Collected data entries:
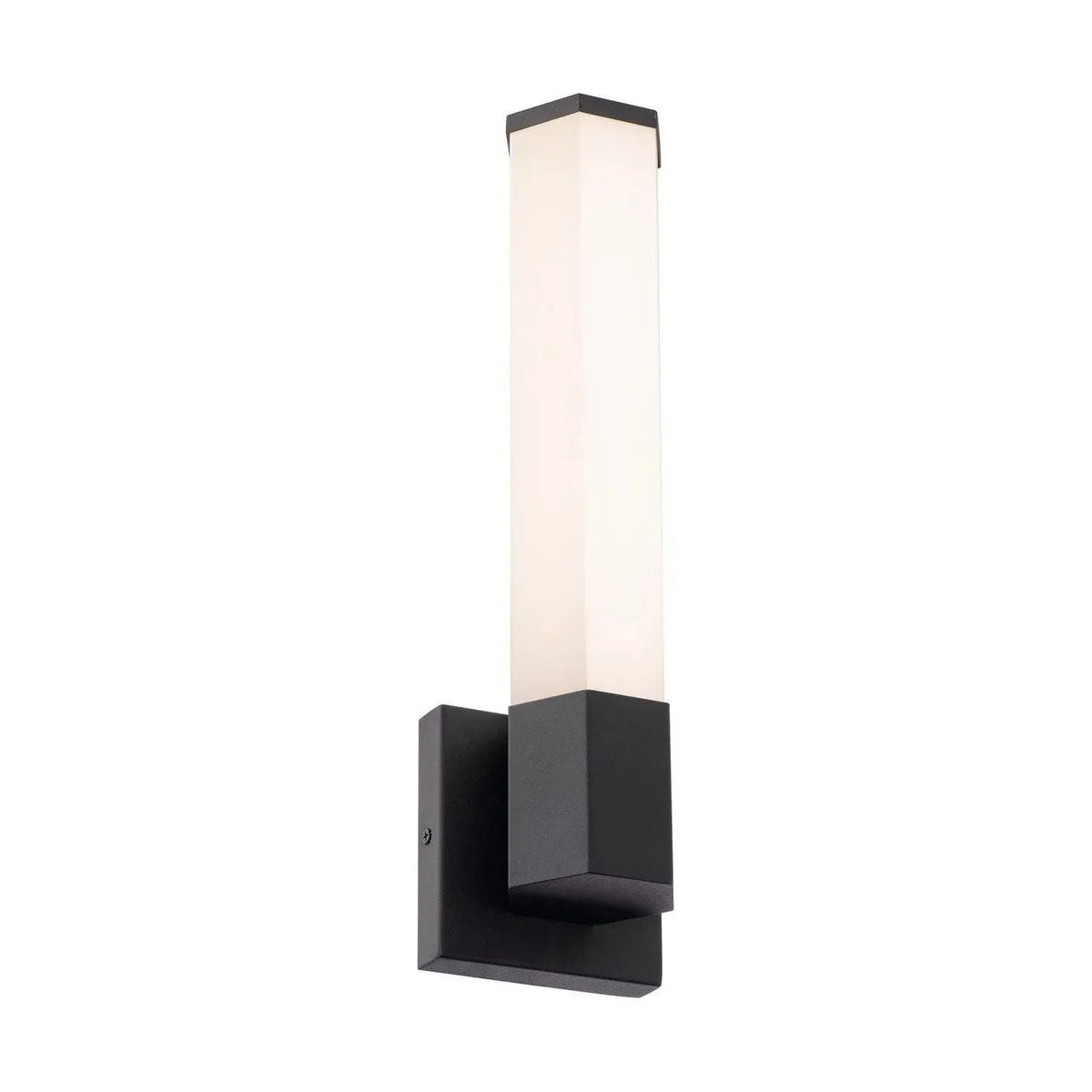 WAC Lighting - Remi LED Bath - WS-230116-CS-BK | Montreal Lighting & Hardware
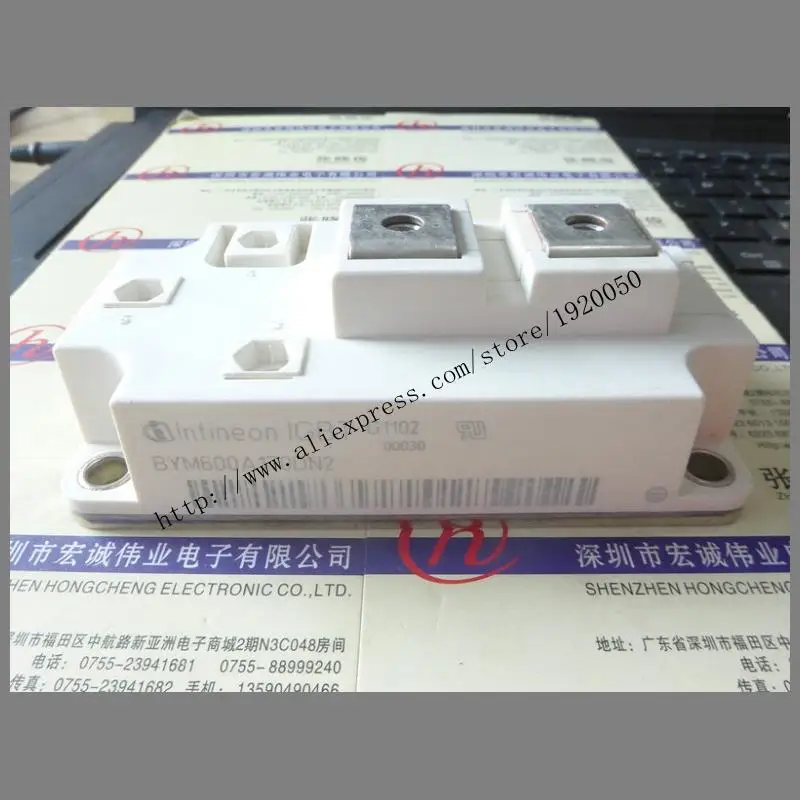 

BYM600A170DN2 module special sales Welcome to order !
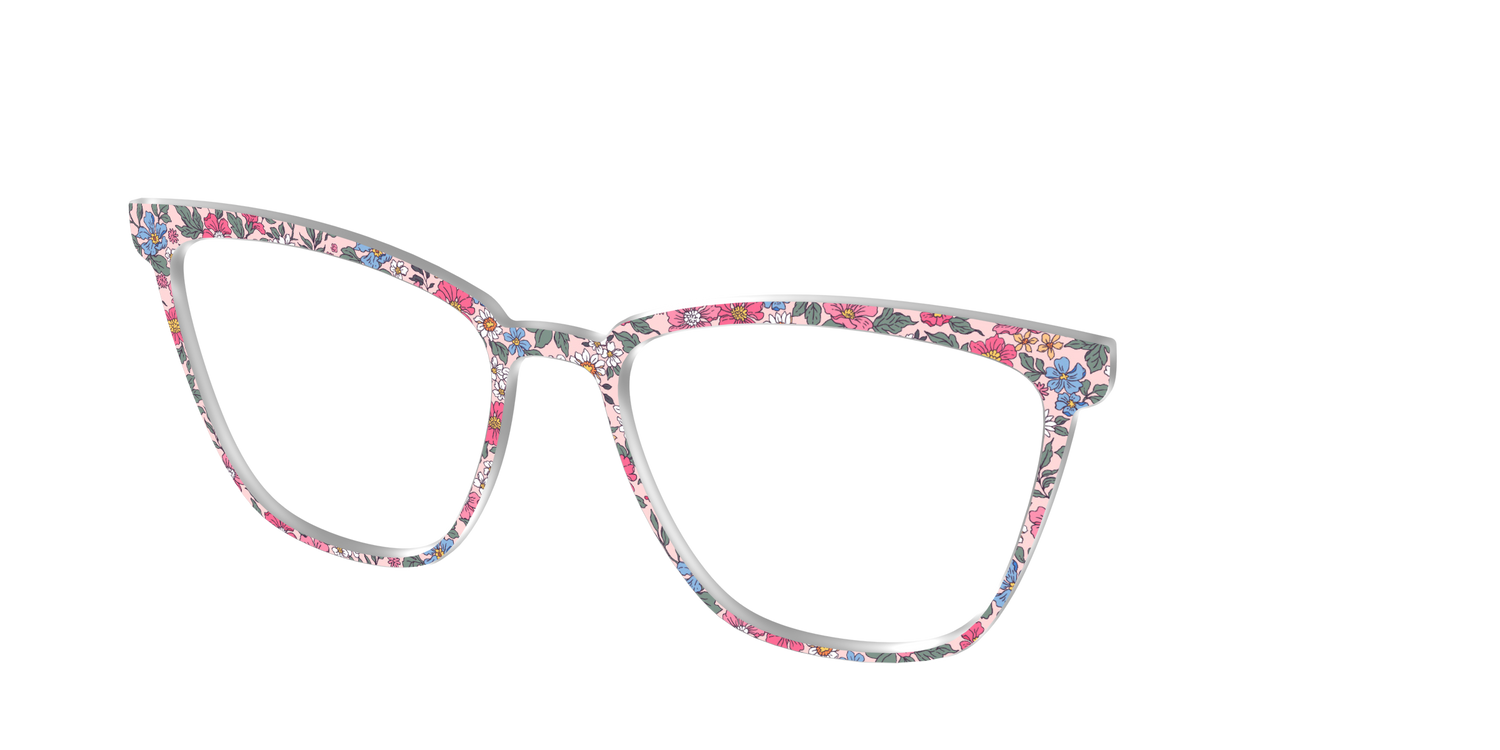 The Sentimental Blossoms - Angle Top Image - Pair Eyewear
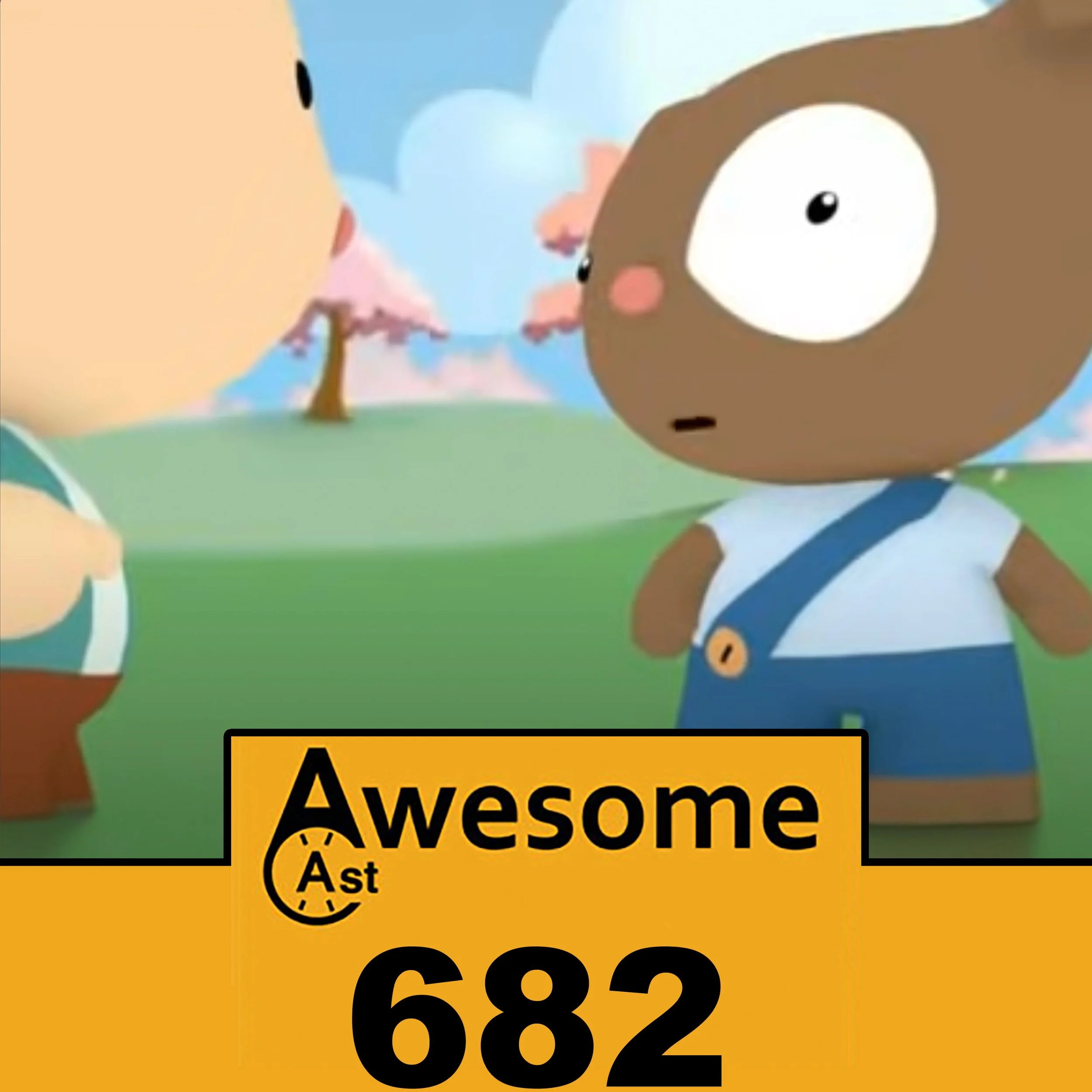 AwesomeCast 682: ChatGiblets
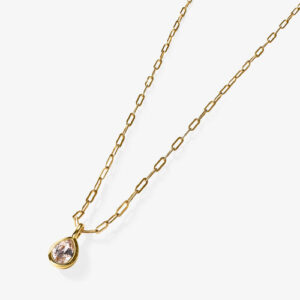 Collar Vuelo Rosé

Task requirements: You need to copy every entry exactly, taking out only the pictures.

Reply:
 WAC Lighting - Remi LED Bath - WS-230116-CS-BK | Montreal Lighting & Hardware

BYM600A170DN2 module special sales Welcome to order !
 The Sentimental Blossoms - Angle Top Image - Pair Eyewear
 AwesomeCast 682: ChatGiblets
 Collar Vuelo Rosé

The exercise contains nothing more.